Assignment>
Please set down, unchanged, each line from the one with "Pipa PDAM Bocor, Lalu" to the final line of the data below, both included. Drop the pictures.

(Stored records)
*-*-*

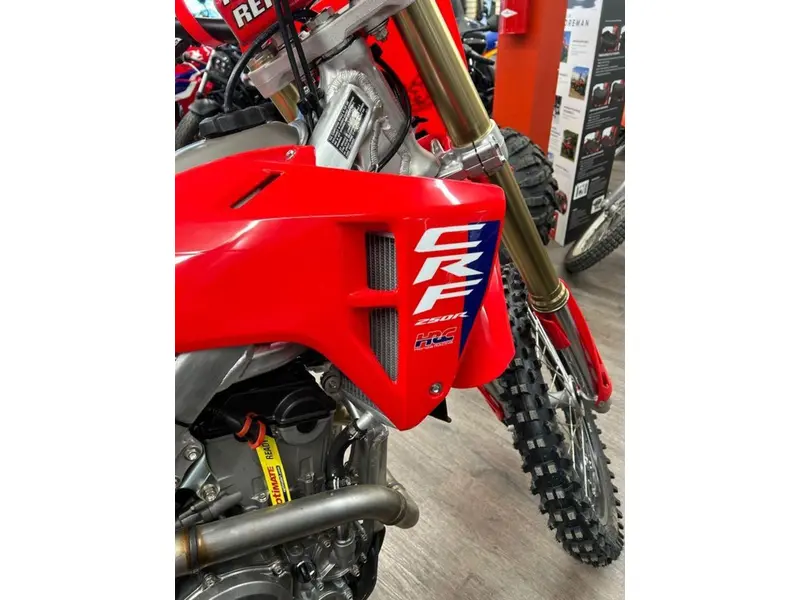 2026 Honda CRF250R thumbnail 4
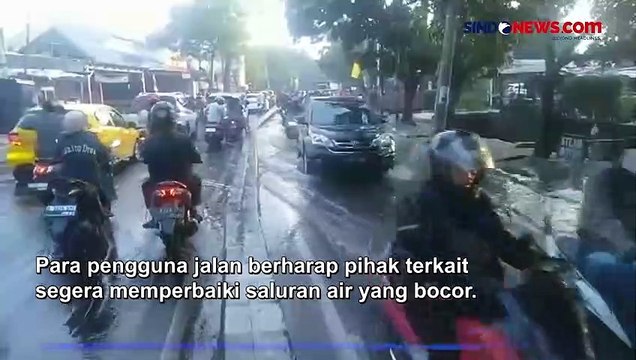 Pipa PDAM Bocor, Lalu Lintas di Cipondoh Terganggu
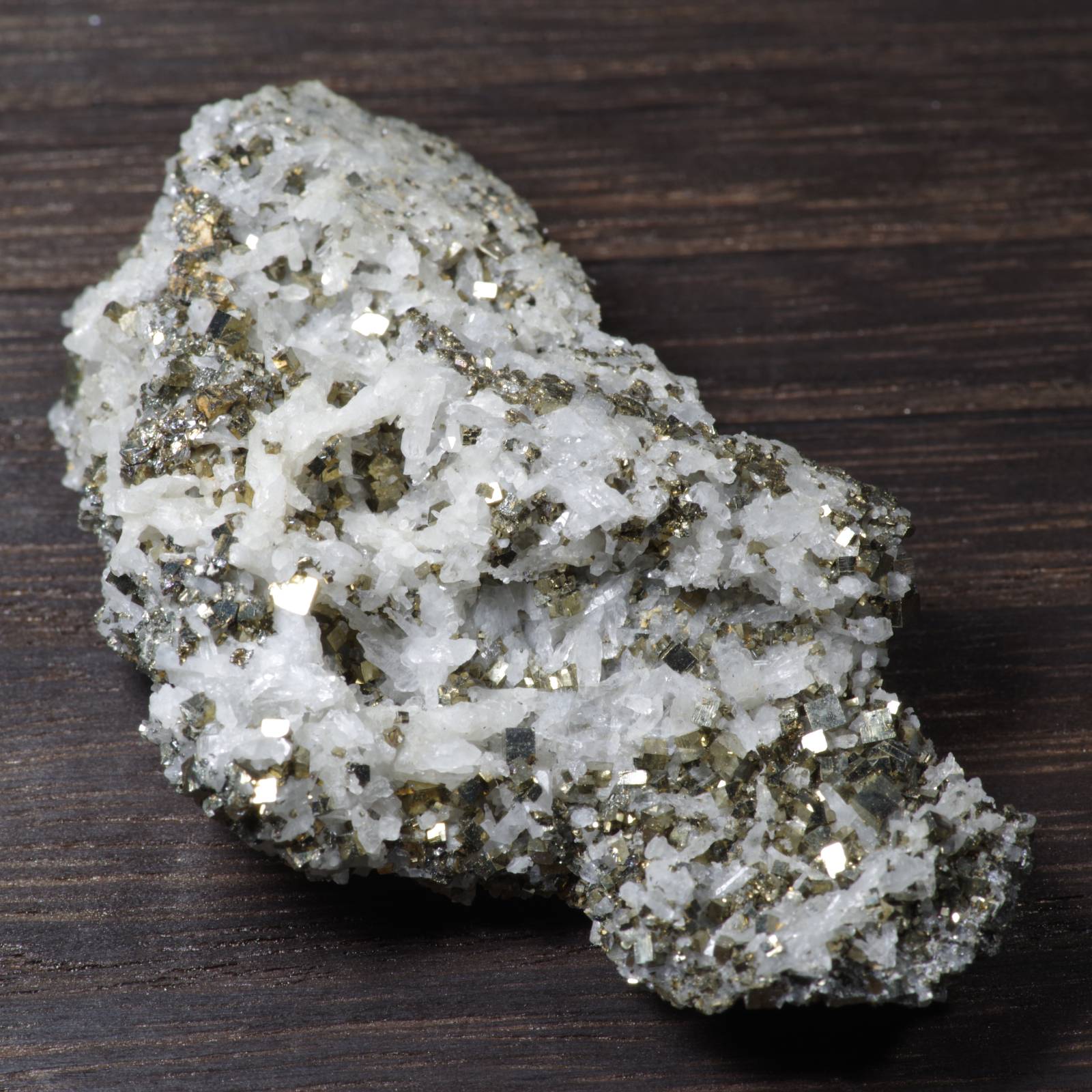 パイライト 黄鉄鉱 中国産 Pyrite China 原石 写真現物 動画あり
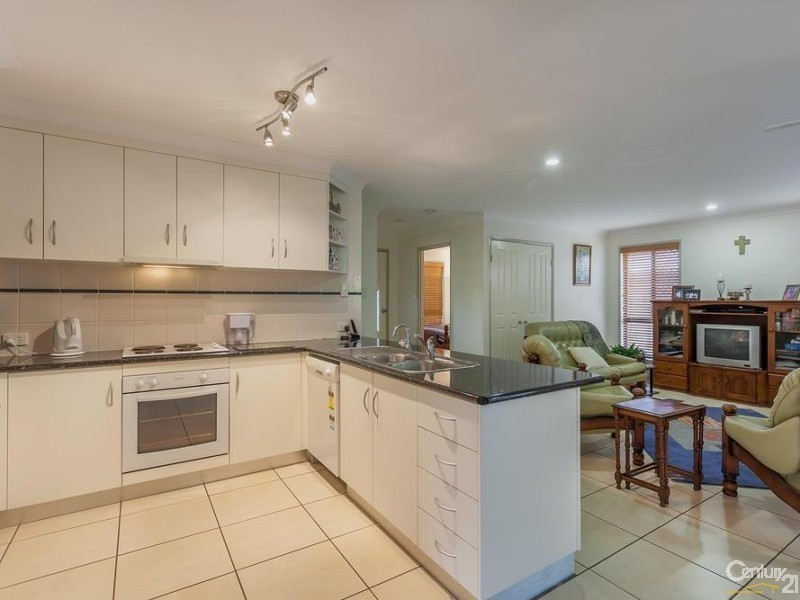 6 Wareena Crescent, Glenvale QLD 4350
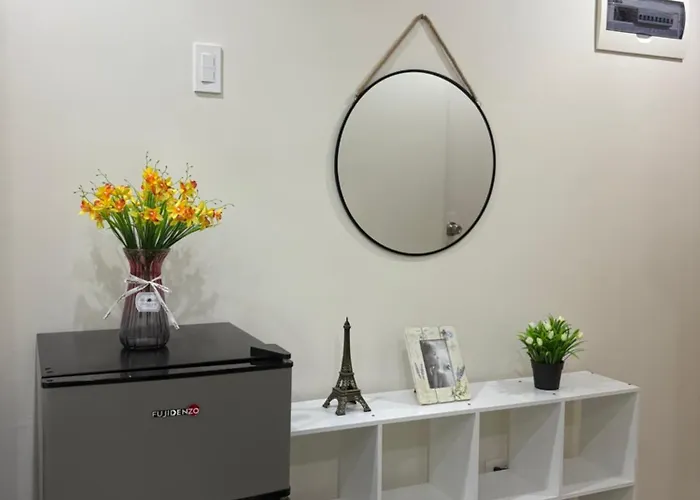 Chic With Gym And Pool Access Appart hôtel *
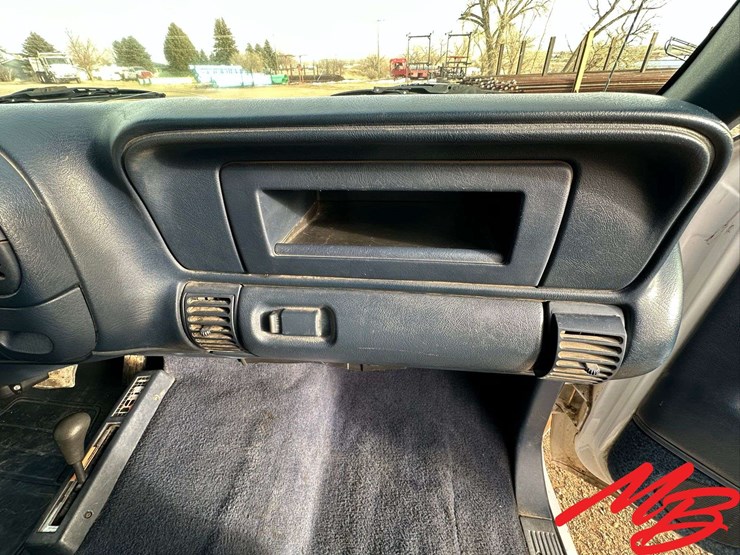 1997-gmc-3500-image-42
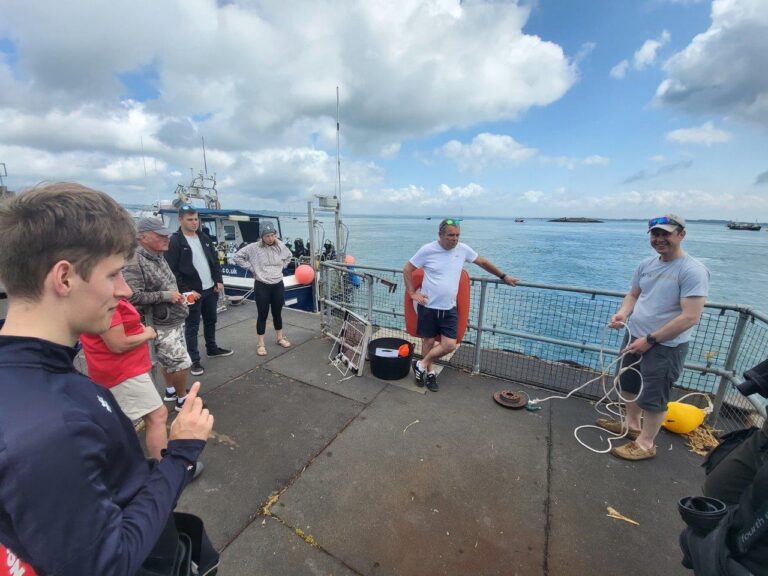 Familiarisation and briefing
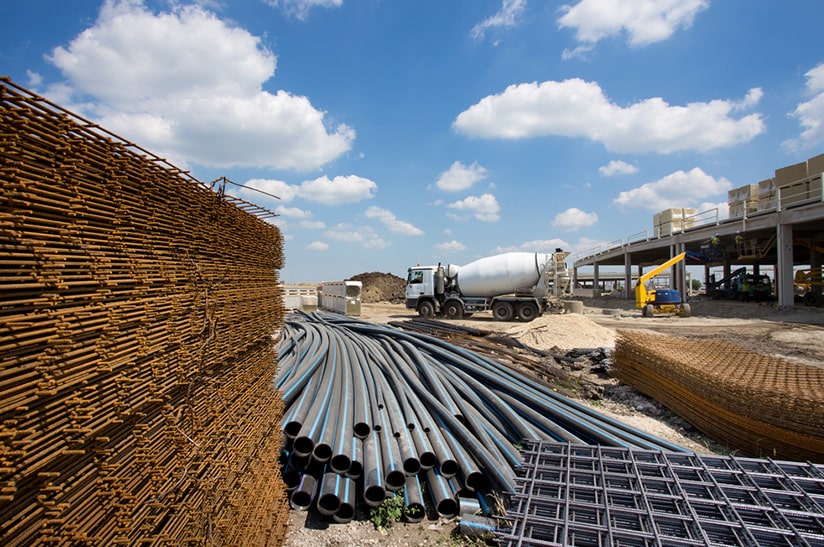 Baustelle zeigt Materialknappheit in der Industrie (Symbolbild)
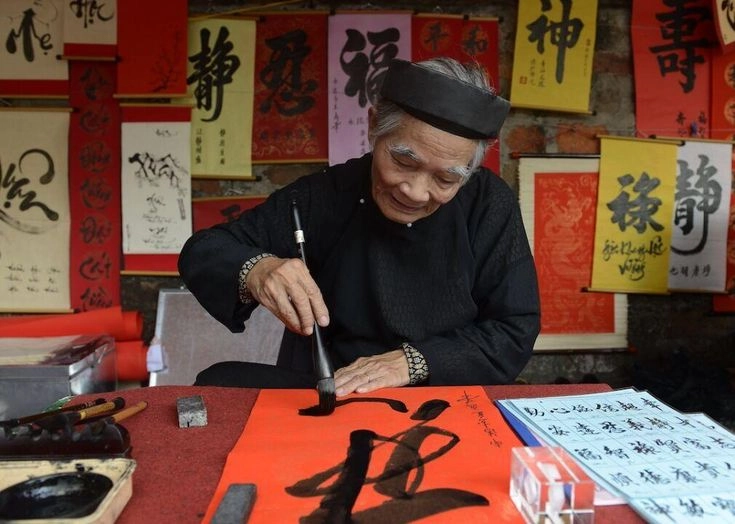 Câu đối đỏ thắm Xuân bên ông Đồ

*-*-*

Exercise result>
 Pipa PDAM Bocor, Lalu Lintas di Cipondoh Terganggu
 パイライト 黄鉄鉱 中国産 Pyrite China 原石 写真現物 動画あり
 6 Wareena Crescent, Glenvale QLD 4350
 Chic With Gym And Pool Access Appart hôtel *
 1997-gmc-3500-image-42
 Familiarisation and briefing
 Baustelle zeigt Materialknappheit in der Industrie (Symbolbild)
 Câu đối đỏ thắm Xuân bên ông Đồ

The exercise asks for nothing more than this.